[TO DO] Only the pictures are to be left out; set down the rest of the records exactly.

[DATA FOR THE TASK]
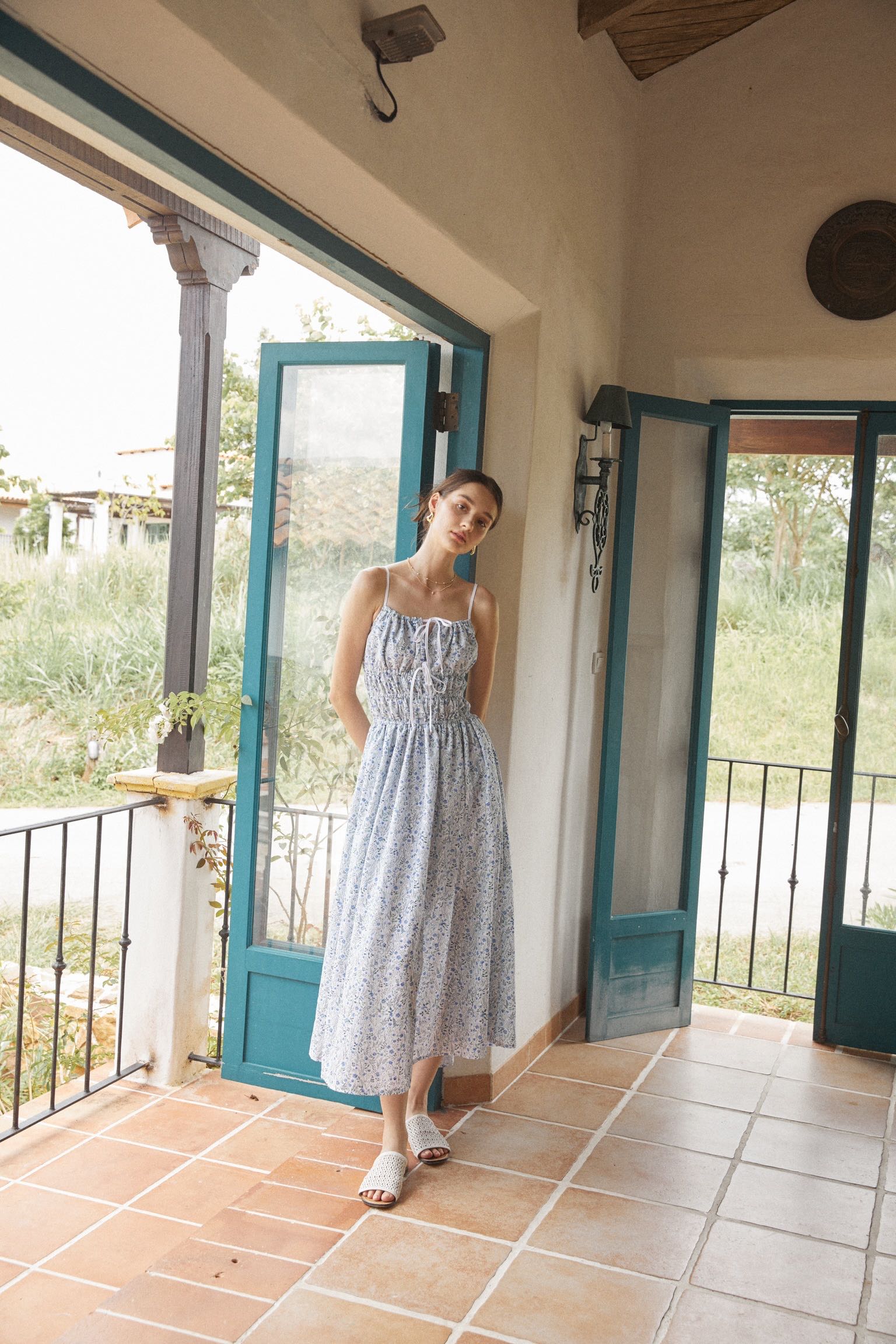 PLEASED Frida Blue Midi Dress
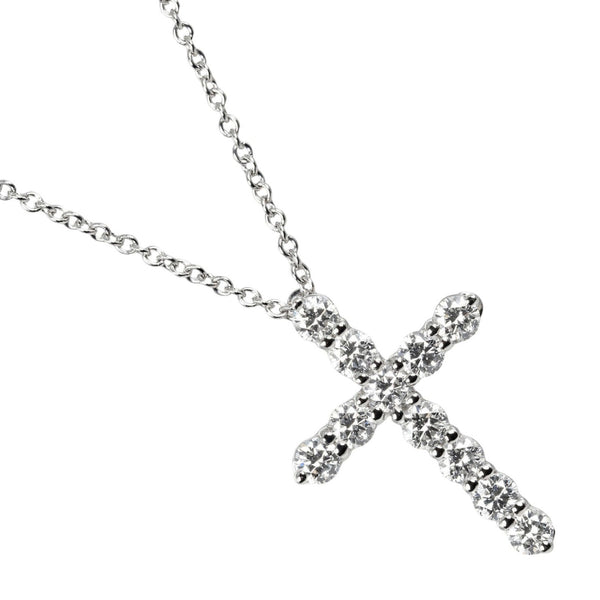 【TIFFANY&Co.】ティファニー
 スモール クロス ネックレス
 Pt950プラチナ×ダイヤモンド 約3.16g Small cross レディースAランク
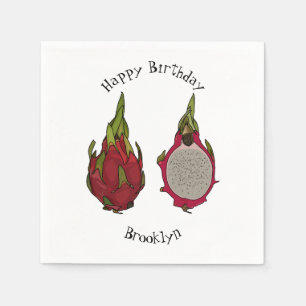 Dragon fruit cartoon illustration napkins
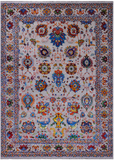 Grey Persian Tabriz Handmade Wool & Silk Rug - 8' 8" X 12' 1"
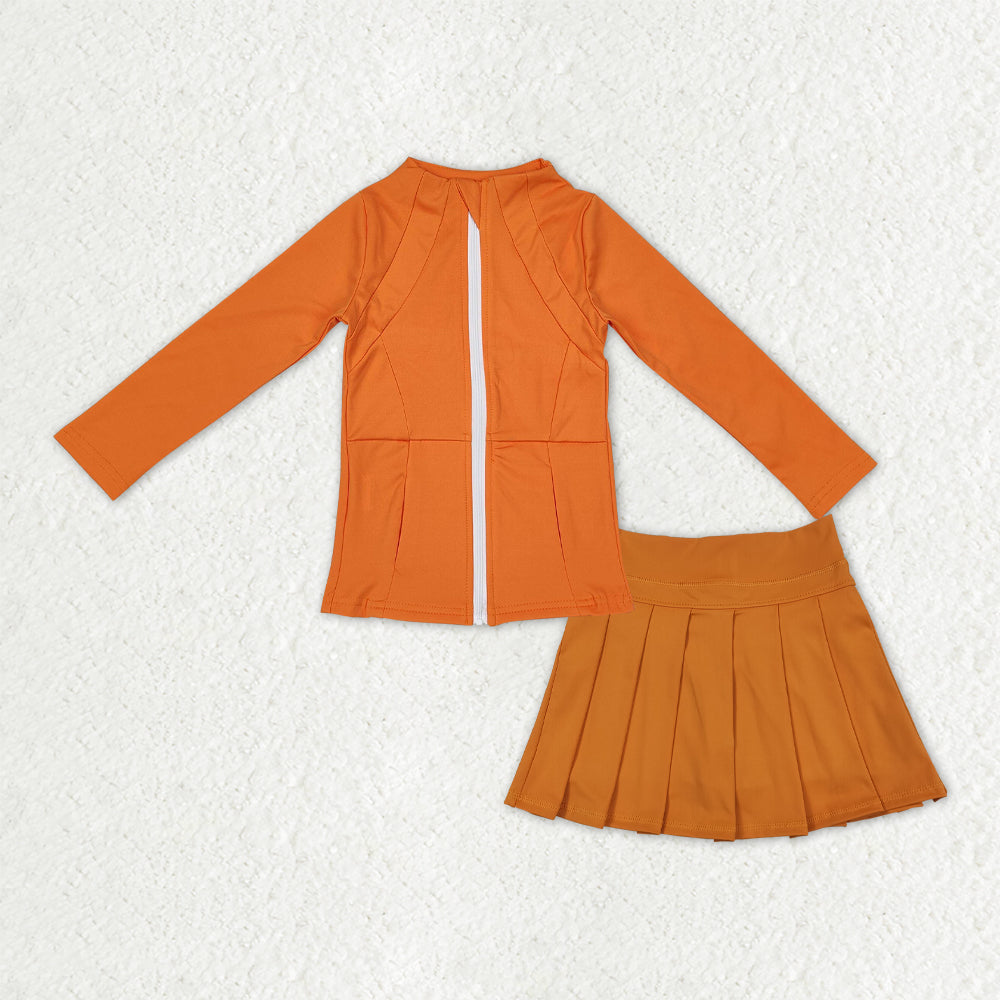 GLD1382 Baby Girls Orange Zipper Pocket Jacket Pleated Skirt Shorts Yoga Active Clothes Sets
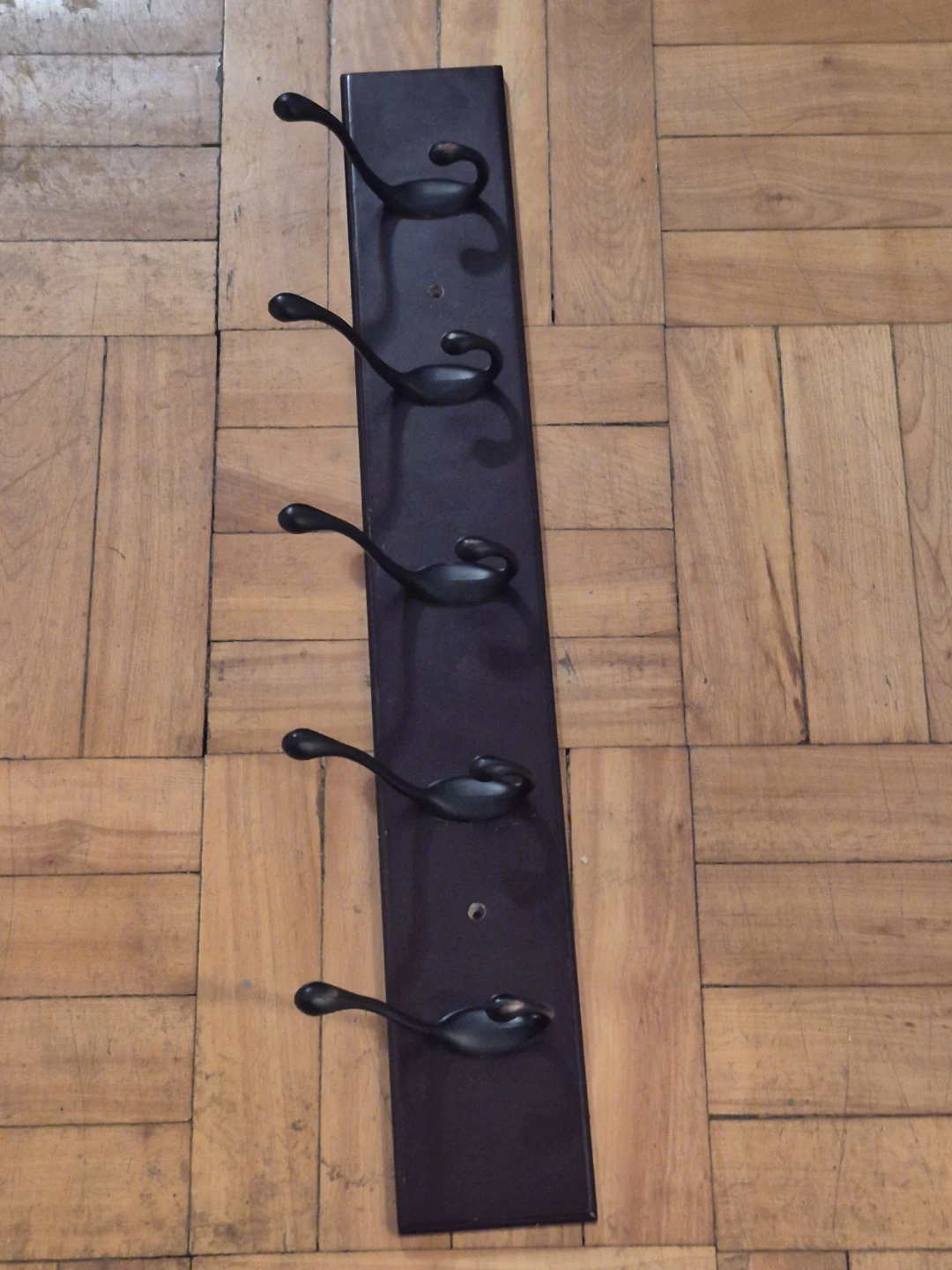 Wall Mounted Wood Coat Rack with 5 Hooks - photo 2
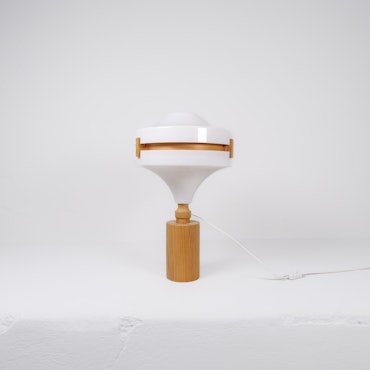 Mid-Century Modern Table Lamp in Pine and Acrylic, Sweden, 1970s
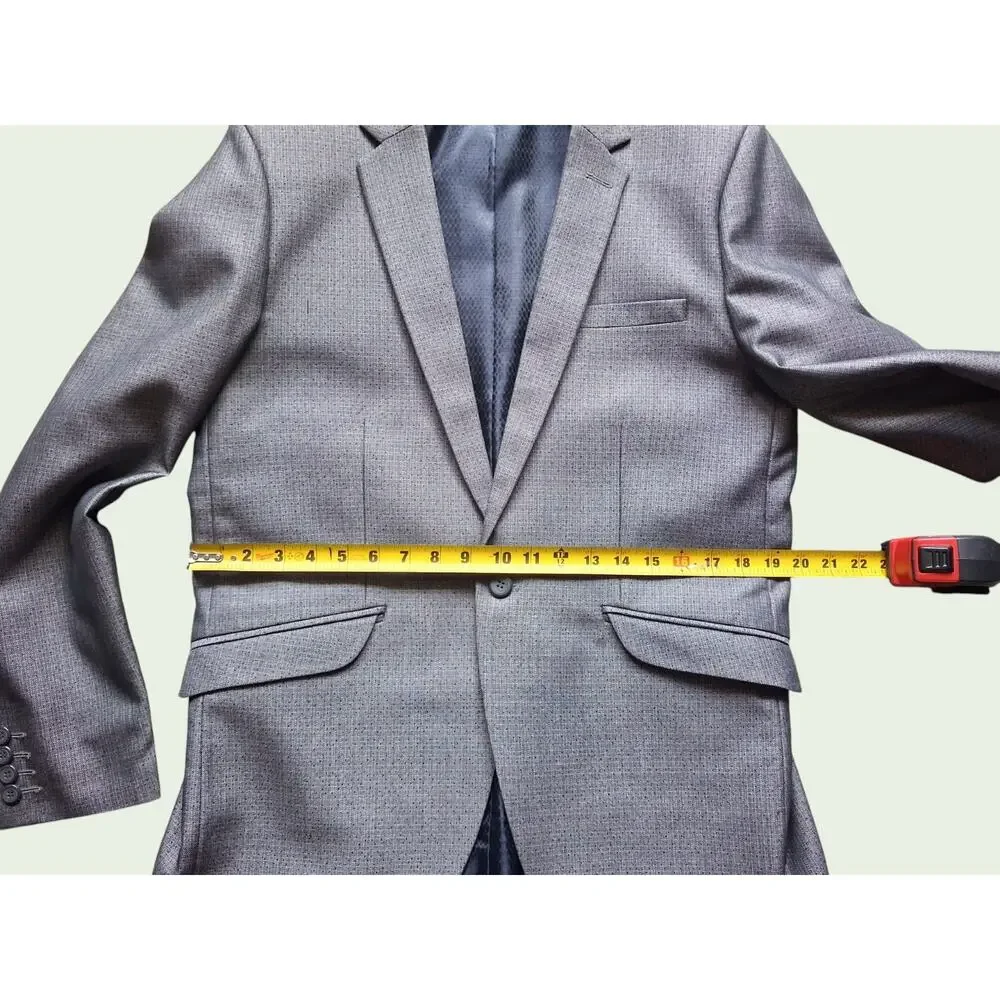 Dan-Hol Slim Fit Gray 2 Piece Suit Mens L 34x30 One Button Career Wedding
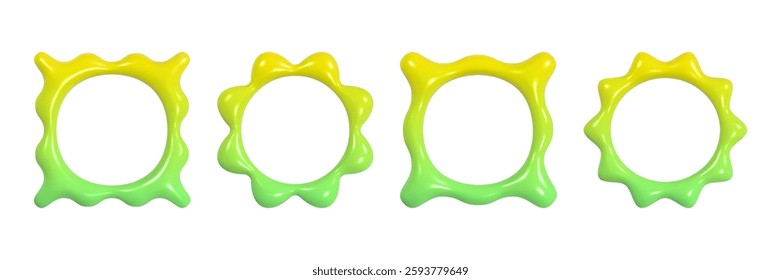 Wavy 3D frames with smooth gradient and reflective texture showcase vibrant colors in Y2K style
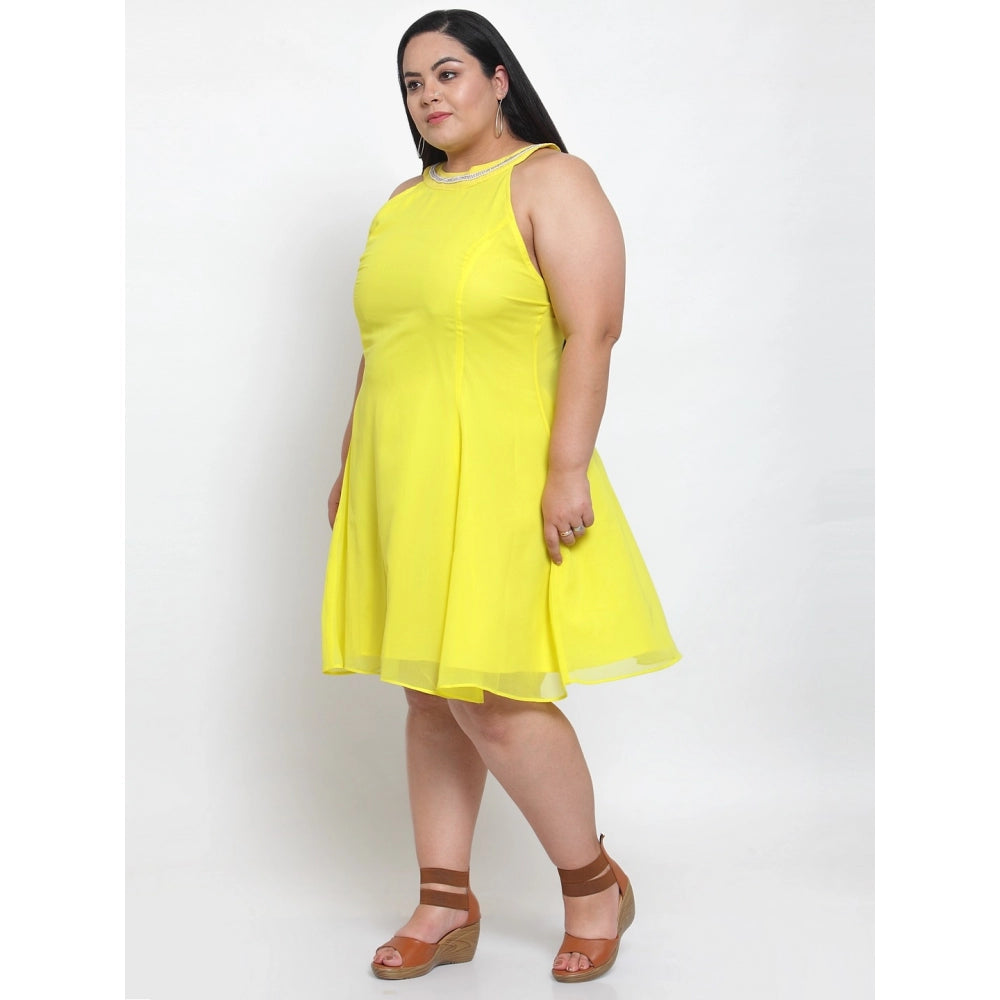 Amfyn Women's Georgette Solid Knee Length Fit and Flare Dress (Yellow)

[ANSWER BOX]
 PLEASED Frida Blue Midi Dress
 【TIFFANY&Co.】ティファニー
 スモール クロス ネックレス
 Pt950プラチナ×ダイヤモンド 約3.16g Small cross レディースAランク
 Dragon fruit cartoon illustration napkins
 Grey Persian Tabriz Handmade Wool & Silk Rug - 8' 8" X 12' 1"
 GLD1382 Baby Girls Orange Zipper Pocket Jacket Pleated Skirt Shorts Yoga Active Clothes Sets
 Wall Mounted Wood Coat Rack with 5 Hooks - photo 2
 Mid-Century Modern Table Lamp in Pine and Acrylic, Sweden, 1970s
 Dan-Hol Slim Fit Gray 2 Piece Suit Mens L 34x30 One Button Career Wedding
 Wavy 3D frames with smooth gradient and reflective texture showcase vibrant colors in Y2K style
 Amfyn Women's Georgette Solid Knee Length Fit and Flare Dress (Yellow)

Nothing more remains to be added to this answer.